An exercise to help build the right mental model for Python data.

The “Solution” link visualizes execution and reveals what’s actually happening using 𝗺𝗲𝗺𝗼𝗿𝘆_𝗴𝗿𝗮𝗽𝗵: https://github.com/bterwijn/memory_graph

  • JATothrim_v2@programming.dev
    link
    fedilink
    arrow-up
    6
    ·
    19 hours ago

    For immutable types it is the same though.

    The most twisted thing I learned is that all ints below a fixed limit share the same id() result, so

    >>> x = 1
    >>> id(x)
    135993914337648
    >>> y = 1
    >>> id(y)
    135993914337648
    

    But then suddenly:

    >>> x = 1000000
    >>> id(x)
    135993893250992
    >>> y = 1000000
    >>> id(y)
    135993893251056
    

    Using id() as a key in dict() may get you into trouble.

    • AckPhttt@beehaw.org
      link
      fedilink
      arrow-up
      1
      ·
      9 hours ago

      Using id() as a key in dict() may get you into trouble.
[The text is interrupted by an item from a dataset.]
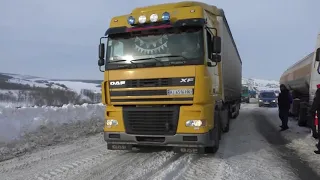 Надання допомоги водіям за допомогою важкої інженерної техніки ДСНС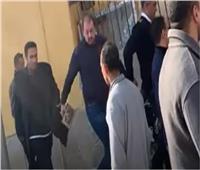 اليوم الحكم علي محاميي كريم الهواري المتهمين بانتحال صفة قضائية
      IMO, using id() as a key would never be a good idea under any circumstance.

      Two different (and even unequal) objects can have the same id():

      >>> x = [1]
      >>> id(x)
      4527263424
      >>> del x
      >>> x = [2]
      >>> id(x)
      4527263424
      >>> del x
      >>> y = [3]
      >>> id(y)
      4527263424
      

      Note - a dictionary lookup already looks up the key by id() first as a shortcut (under-the-hood), so there’s no need to try doing this as an optimization.

      Edit: in case it wasn’t clear above, the object with the same id()s don’t all exist at the same time; but if you store their ids as a key, you’d have to ensure the object lifetimes are identical to be sure the ids could identify the same stored value. The dictionary does this for you when you use the key object, but it’s not automatic when using the id of the key.
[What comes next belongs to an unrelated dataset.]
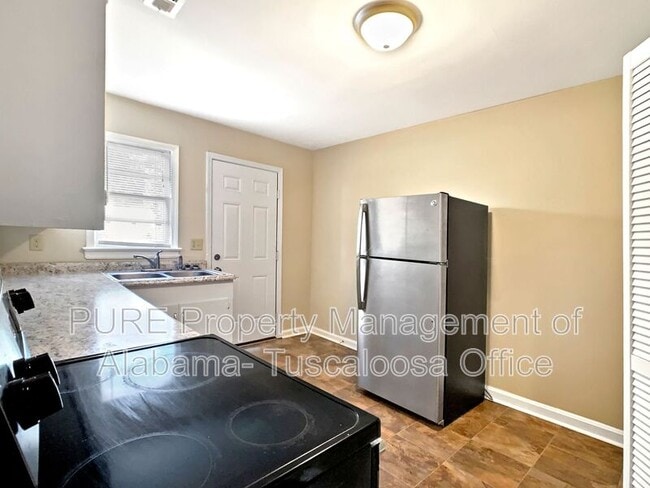 Building Photo - 1120 19th St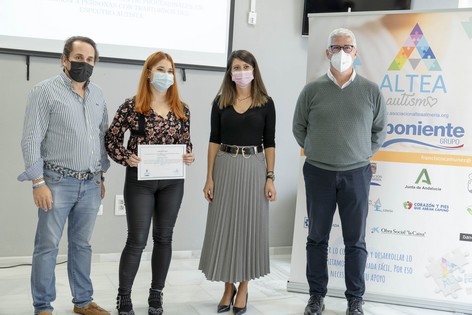 La imagen tiene un atributo ALT vacío; su nombre de archivo es Clausura-Curso-ALTEA-4.jpg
      Other Note - Since you phrased it as “all ints below a fixed limit share the same id() result”, I’d suggest a better way to semantically think of it is that certain constant objects are pre-allocated, and thus are kinda like singletons. There is usually only one int(1) object, and the language keeps a pre-allocated pool of these common small ints (since they are used so often for indexing anyway).
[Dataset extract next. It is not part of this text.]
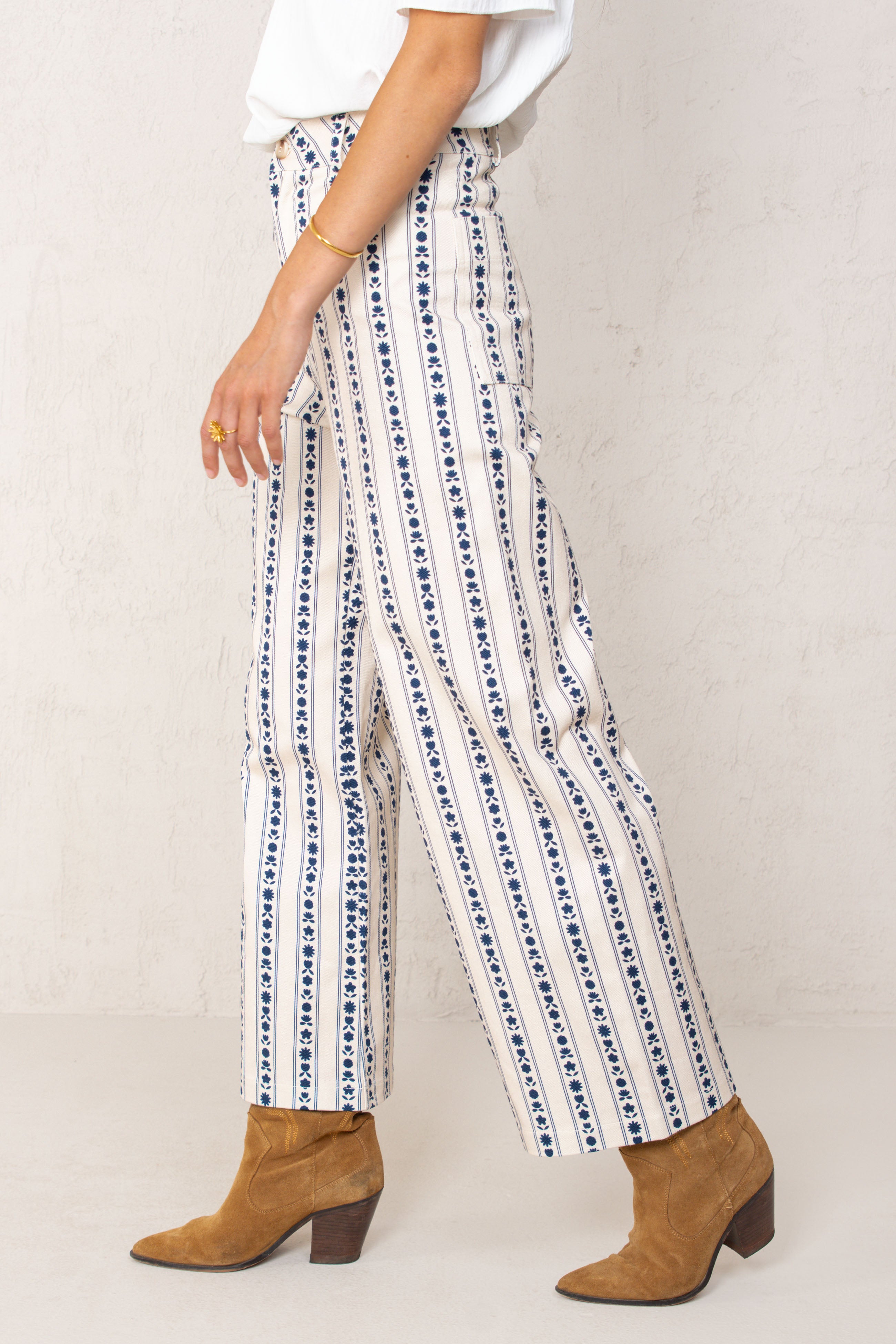 PANTALÓN PAULA // FLORES AZUL OSCURO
      Similarly, many short string constants are ‘interned’ in a similar way; they aren’t pre-created at startup, but once they are created by the user declaring a string constant when the code is run, it saves memory to check and only keep one copy of those string objects, as the string constants can be checked at byte-compile time. But if you construct the string with code, it doesn’t bother to check all the strings to see if there exists an identical one. So for example:

      >>> x = 'ab'
      >>> y = 'ab'
      >>> id(x) == id(y)
      True
      >>> s = 'a'
      >>> s = s + 'b'
      >>> id(s) == id(x)
      False
      >>> s == x == y
      True
      

      But you can force it to make this check; it’s something they made more tedious to do in Python3 since it’s really an implementation detail:

      >>> import sys
      >>> s = sys.intern(s)
      >>> id(s) == id(x)
      True
      

      Sorry for the verbose reply; hope it helped.